Fetch-execute cycle and impact of operation types.

It's only fair to share...Share on FacebookShare on Google+Tweet about this on TwitterShare on LinkedInDigg thisShare on RedditPin on PinterestPrint this pageEmail this to someone

What is a fetch-execute cycle in a processor.

Conventional processor consist five units called ALU, Controller, Internal Storage, Internal Interconnections and External Interface. These units are designed to work in a collaborated environment continuously. What should processor and mentioned components do at a moment is decided by the program that is currently being executed. The way processor is going to read next instruction, execute, produce and store result of computation is called Fetch-Execution cycle. Steps of fetch-execution cycle can be further described as shown below:


CPU has a special register named Program Counter (PC) (also referred as Instruction Pointer) which is a part of Internal Storage. CPU reads the memory address stored in this Program Counter (PC) in to Memory Address Register (MAR). This process can be denoted as “[MAR] <= [PC]”

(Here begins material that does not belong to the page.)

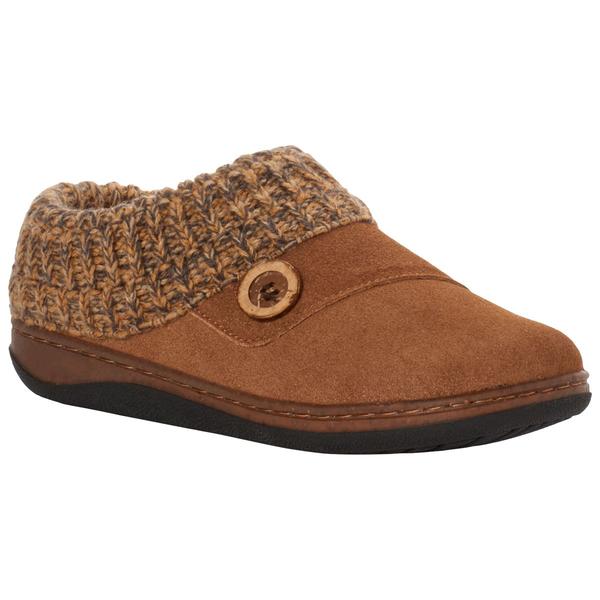Womens Project Cloud Banyan Clogs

As soon as value of the PC is read into MAR, value of PC will be incremented as it points to next instruction. If instruction length is 32 bit, this inclement is by 4, which denotes 4 bytes. This step can be denoted as “[PC] <= [PC] + 4”. If instruction length was 64 bit, increment will be 8 which denote 8 bytes.

It is necessary to mention that some CPUs do not have MAR built in with it. In such case PC will be incremented for each step and PC will be directly used instead of coping address of it to MAR.

Once this step is complete address stored in MAR is placed in Address Bus. Data stored in mentioned address of memory will be fetched by the CPU with the help of Data Bus and Control Bus. This data fetched from memory is stored in Memory Buffer Register (MBR) (also referred as Memory Data Register(MDR)) of processor. This can be denoted as “[MBR] <= [[MAR]]”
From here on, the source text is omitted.